=== Begin Enclosure ===

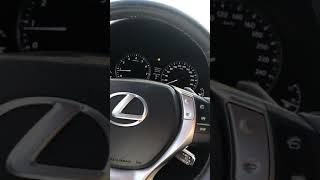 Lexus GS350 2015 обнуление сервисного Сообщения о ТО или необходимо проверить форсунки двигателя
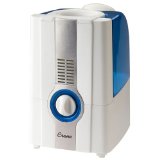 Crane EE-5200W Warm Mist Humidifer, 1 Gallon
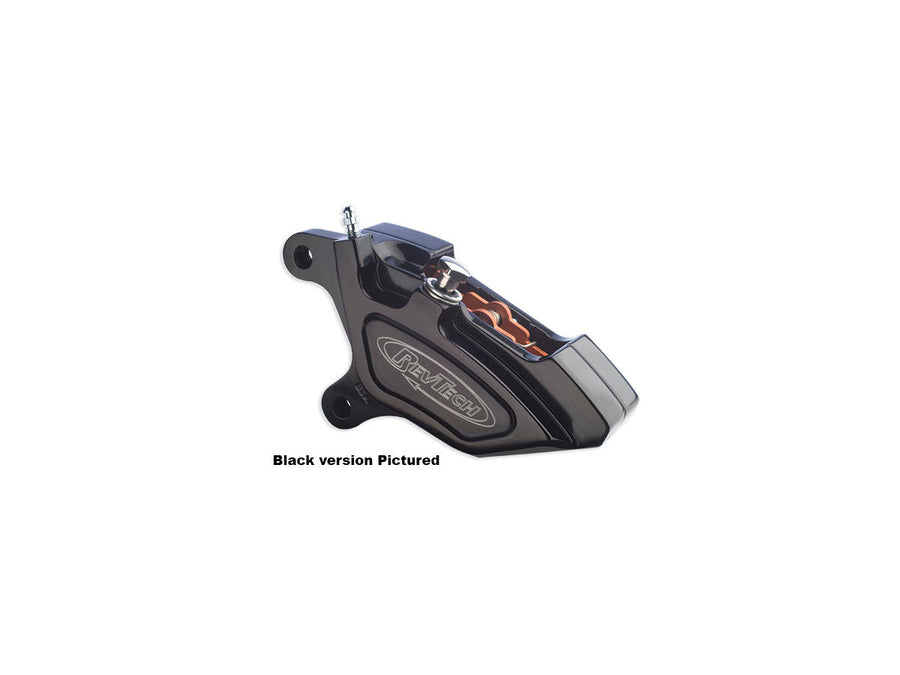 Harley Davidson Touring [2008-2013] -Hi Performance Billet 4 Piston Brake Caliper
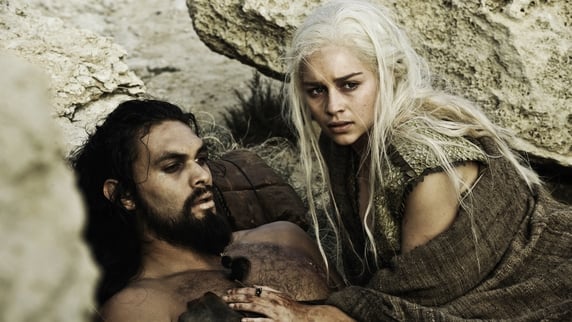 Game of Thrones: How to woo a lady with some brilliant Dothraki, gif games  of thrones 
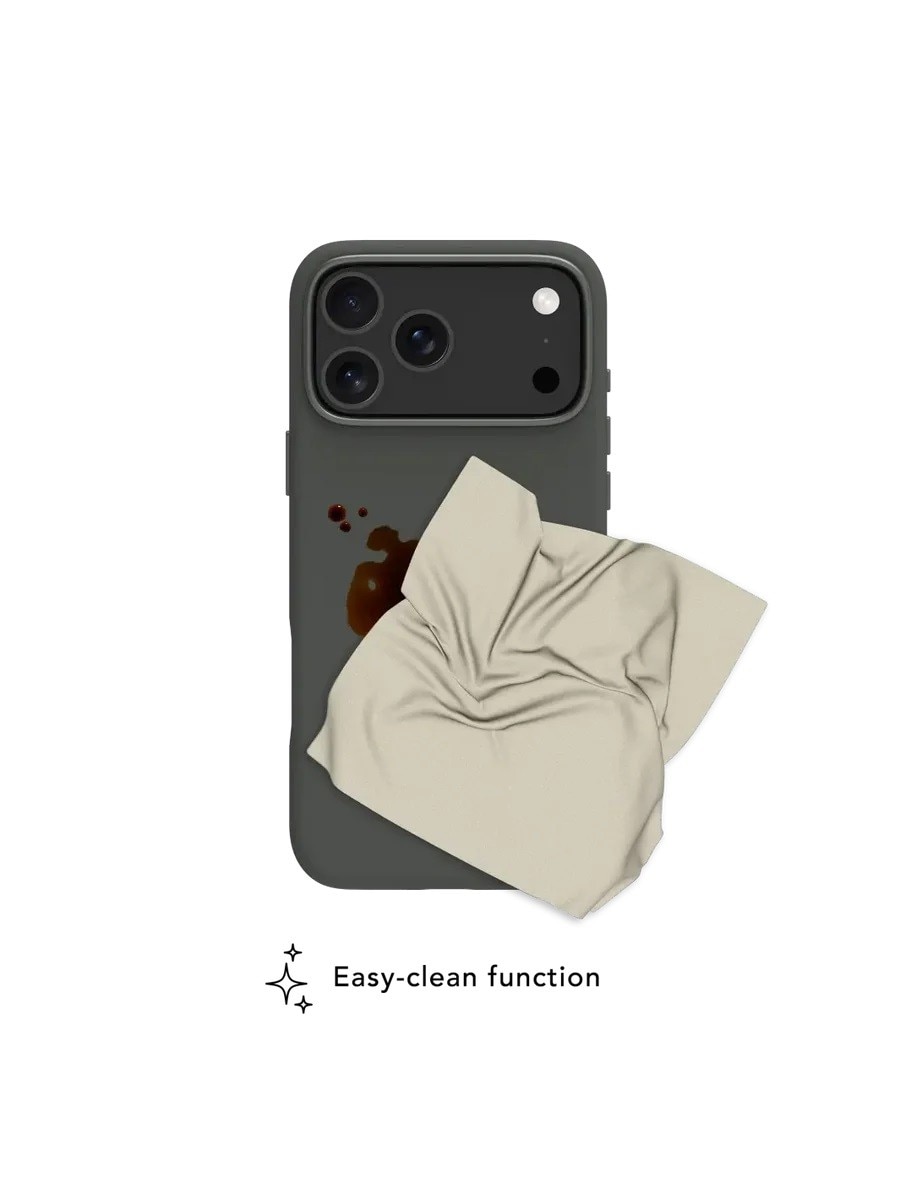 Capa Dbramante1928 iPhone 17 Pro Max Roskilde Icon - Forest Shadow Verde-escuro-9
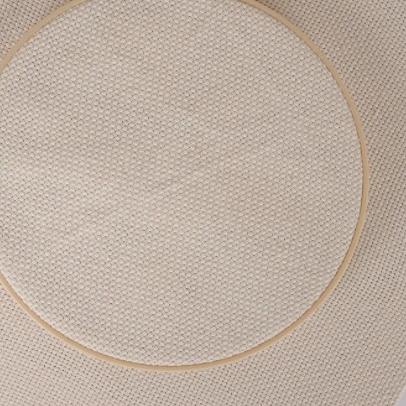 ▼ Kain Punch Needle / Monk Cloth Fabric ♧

=== End Enclosure ===

### Problem requirements:
Make an exact copy of the data, leaving its pictures out.

### Problem solution:
 Lexus GS350 2015 обнуление сервисного Сообщения о ТО или необходимо проверить форсунки двигателя
 Crane EE-5200W Warm Mist Humidifer, 1 Gallon
 Harley Davidson Touring [2008-2013] -Hi Performance Billet 4 Piston Brake Caliper
 Game of Thrones: How to woo a lady with some brilliant Dothraki, gif games  of thrones 
 Capa Dbramante1928 iPhone 17 Pro Max Roskilde Icon - Forest Shadow Verde-escuro-9
 ▼ Kain Punch Needle / Monk Cloth Fabric ♧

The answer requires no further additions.